▼
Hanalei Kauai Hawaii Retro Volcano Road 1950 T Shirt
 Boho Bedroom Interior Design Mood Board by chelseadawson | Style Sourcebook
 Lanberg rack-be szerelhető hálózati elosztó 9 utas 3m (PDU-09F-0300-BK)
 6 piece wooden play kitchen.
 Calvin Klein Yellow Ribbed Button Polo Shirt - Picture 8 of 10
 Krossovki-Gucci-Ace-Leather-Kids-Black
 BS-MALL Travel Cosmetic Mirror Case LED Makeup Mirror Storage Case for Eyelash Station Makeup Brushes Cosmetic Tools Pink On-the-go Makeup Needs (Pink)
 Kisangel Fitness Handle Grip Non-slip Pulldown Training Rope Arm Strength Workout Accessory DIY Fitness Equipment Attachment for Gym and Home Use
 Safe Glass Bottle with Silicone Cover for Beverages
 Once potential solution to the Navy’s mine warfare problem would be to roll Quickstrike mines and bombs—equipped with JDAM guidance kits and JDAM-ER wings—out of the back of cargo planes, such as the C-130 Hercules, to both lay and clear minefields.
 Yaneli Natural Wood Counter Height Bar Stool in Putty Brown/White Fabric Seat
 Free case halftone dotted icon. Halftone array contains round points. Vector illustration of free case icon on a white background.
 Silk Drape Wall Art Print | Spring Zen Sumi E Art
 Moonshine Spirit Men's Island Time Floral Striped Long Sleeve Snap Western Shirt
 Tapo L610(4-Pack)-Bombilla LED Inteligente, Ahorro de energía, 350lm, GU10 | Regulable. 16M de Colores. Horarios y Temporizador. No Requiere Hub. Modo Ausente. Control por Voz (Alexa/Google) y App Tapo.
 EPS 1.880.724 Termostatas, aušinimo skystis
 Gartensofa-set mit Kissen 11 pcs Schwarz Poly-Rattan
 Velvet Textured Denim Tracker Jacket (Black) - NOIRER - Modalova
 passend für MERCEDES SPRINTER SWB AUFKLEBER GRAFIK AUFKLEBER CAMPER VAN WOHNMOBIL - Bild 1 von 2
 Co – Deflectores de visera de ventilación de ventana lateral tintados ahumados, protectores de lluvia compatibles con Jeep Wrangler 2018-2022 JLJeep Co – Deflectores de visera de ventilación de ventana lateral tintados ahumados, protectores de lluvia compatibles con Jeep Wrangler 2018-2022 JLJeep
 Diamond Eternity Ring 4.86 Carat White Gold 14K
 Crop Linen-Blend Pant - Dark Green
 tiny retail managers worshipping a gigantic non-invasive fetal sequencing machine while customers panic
▲
> [Your objective]
Both the line containing "Velvet Textured Denim" and the line containing "passend für MERCEDES" belong in the answer. Print them and every line above that falls between them exactly, and no others.

> [Answer for the task]
 Velvet Textured Denim Tracker Jacket (Black) - NOIRER - Modalova
 passend für MERCEDES SPRINTER SWB AUFKLEBER GRAFIK AUFKLEBER CAMPER VAN WOHNMOBIL - Bild 1 von 2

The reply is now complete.